21st January 2019 - During a routine inspection
About the service: The Croft is a residential service that provides care for up to 60 people. At the time of our inspection there were 43 people using the service. The service provided accommodation and personal or nursing care to older adults, in particular those with dementia. People lived in their own bedrooms. Rooms had ensuite bathroom facilities. There were also communal bathroom facilities, lounges and dining rooms. People’s experience of using this service: People’s experience of using the service was positive. People told us, “Yes I am being looked after here and yes of course I am safe”, “All the staff are very nice to me” and “Everyone should live here.” People were protected against avoidable harm, abuse, neglect and discrimination. The care they received was safe. People’s risks were assessed and measures put in place to reduce the risks. Staff received supervision and training, which provided them with the knowledge and skills to perform the roles they were employed to do. Care was person-centred and focused on people living with dementia to ensure they lived rewarding lives. The care was designed to ensure people’s independence was encouraged and maintained. The management team had embraced continuous learning, and new ways of working. There was workplace culture that was open and honest, staff we spoke with provided positive feedback about the management team.
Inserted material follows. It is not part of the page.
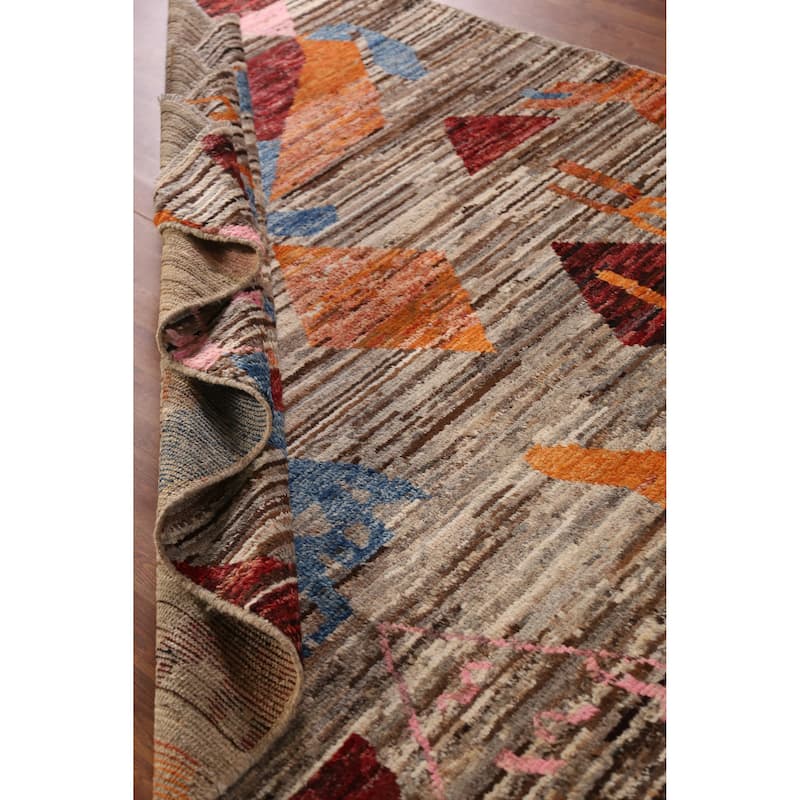 Moroccan Oriental Area Rug Hand-Knotted Brown Wool Carpet - 7'0" x 9'5"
The staff were committed to ensuring improvements continued to ensure the best care for people who lived at The Croft. Rating at last inspection: At our last inspection the service was rated Requires improvement and the report was published on (27 January 2018). Why we inspected: This inspection was part of our scheduled plan of visiting services to check the safety and quality of care people received. We inspect services rated ‘requires improvement’ within one year of our previously published inspection report. We will continue to monitor the service to ensure that people receive safe, compassionate, high quality care. Further inspections will be planned for future dates.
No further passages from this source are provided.